▶
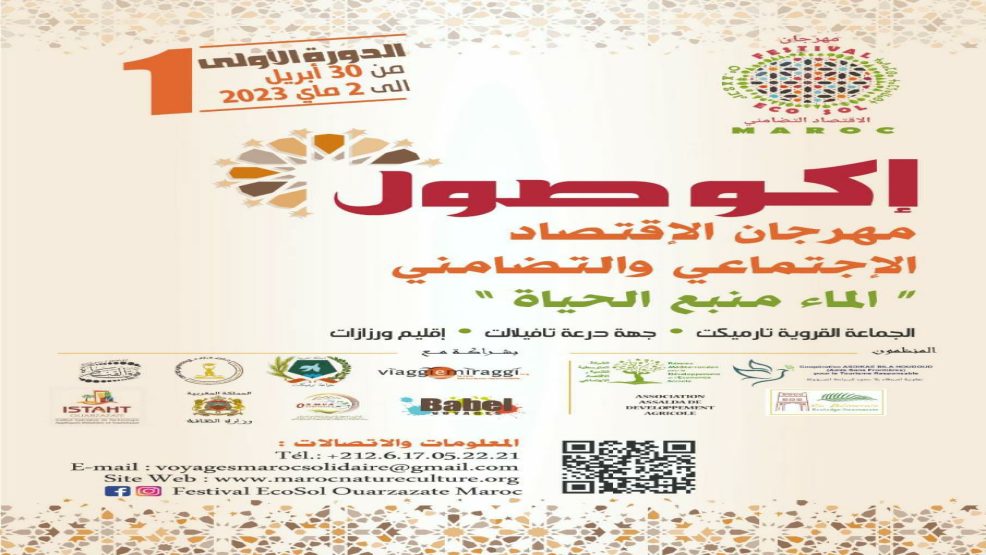 الكاتب العام لعمالة ورزازات يعطى انظلاقة  “اكوصول” مهرجان الاقتصاد الاجتماعي والتضامني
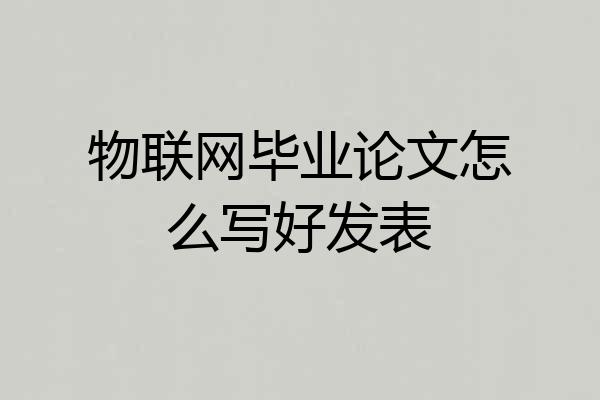 物联网毕业论文怎么写好发表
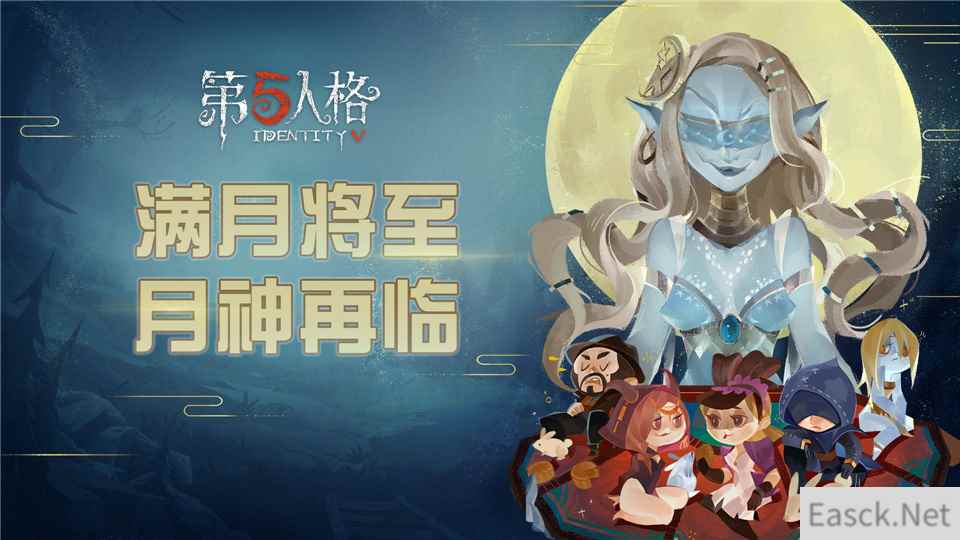 月神再临庄园  《第五人格》中秋节活动即将开启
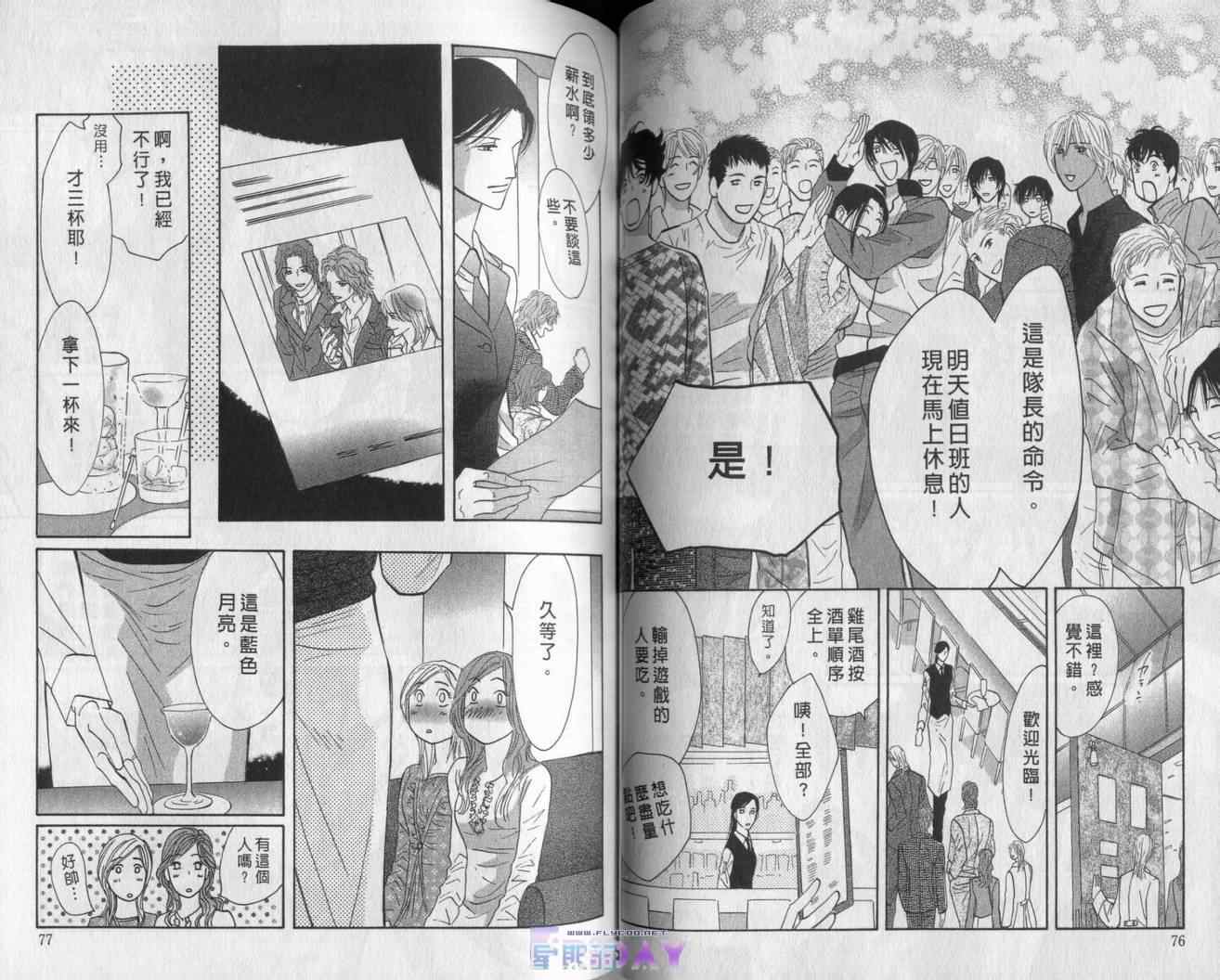 《战栗情人不设防》漫画 30卷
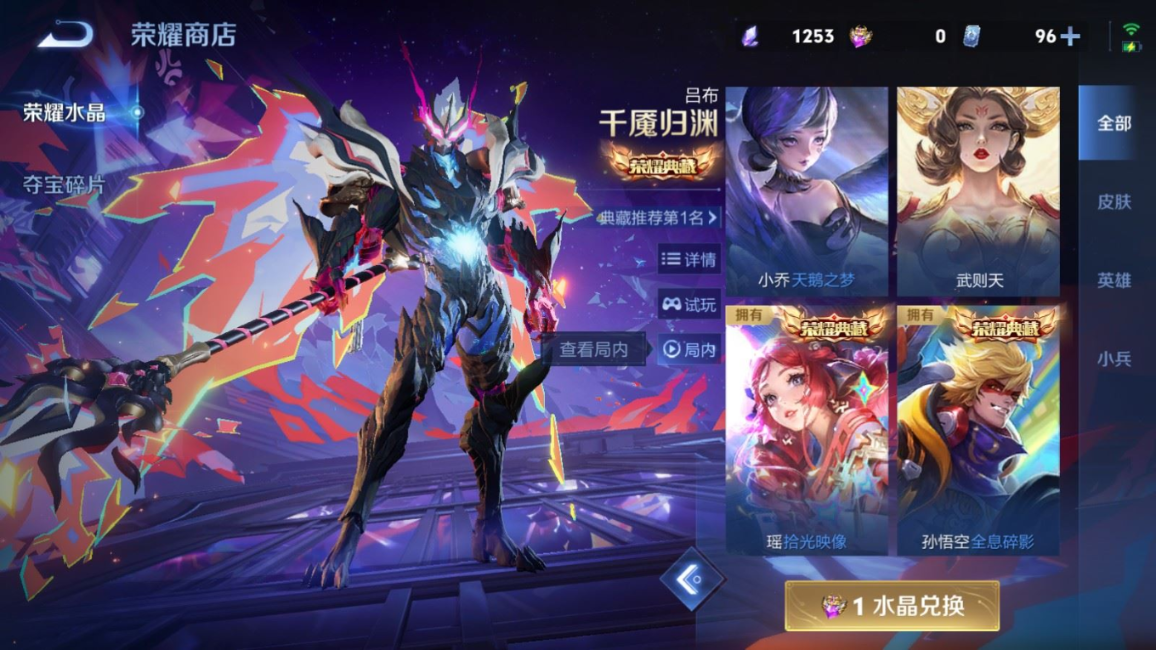 WZCMW4143033王者荣耀账号详情图39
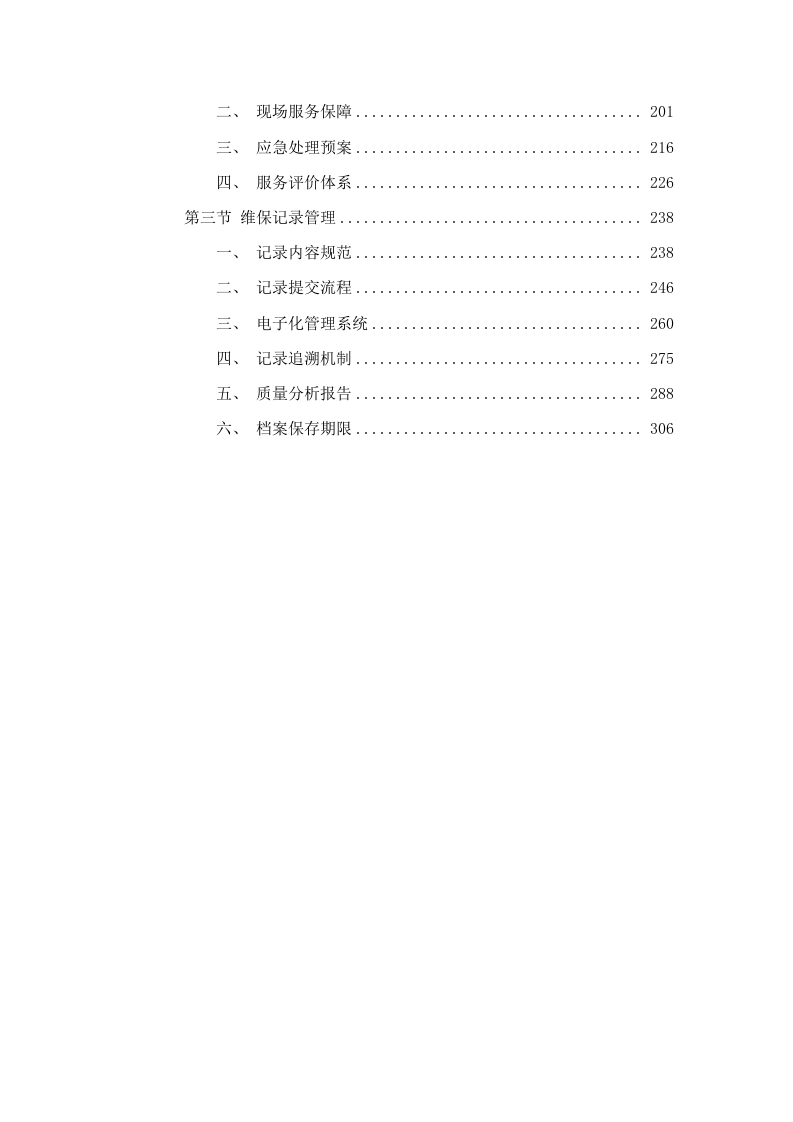 2025年中央财政农业经营主体能力提升应用夏粮生产先进技术项目.docx 第3页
◀
### PROBLEM TO WORK ON
Word for word, repeat only the lines from the line containing "物联网毕业论文怎么写好发表" through the end of the data, without any pictures.

### SOLUTION BELOW
 物联网毕业论文怎么写好发表
 月神再临庄园  《第五人格》中秋节活动即将开启
 《战栗情人不设防》漫画 30卷
 WZCMW4143033王者荣耀账号详情图39
 2025年中央财政农业经营主体能力提升应用夏粮生产先进技术项目.docx 第3页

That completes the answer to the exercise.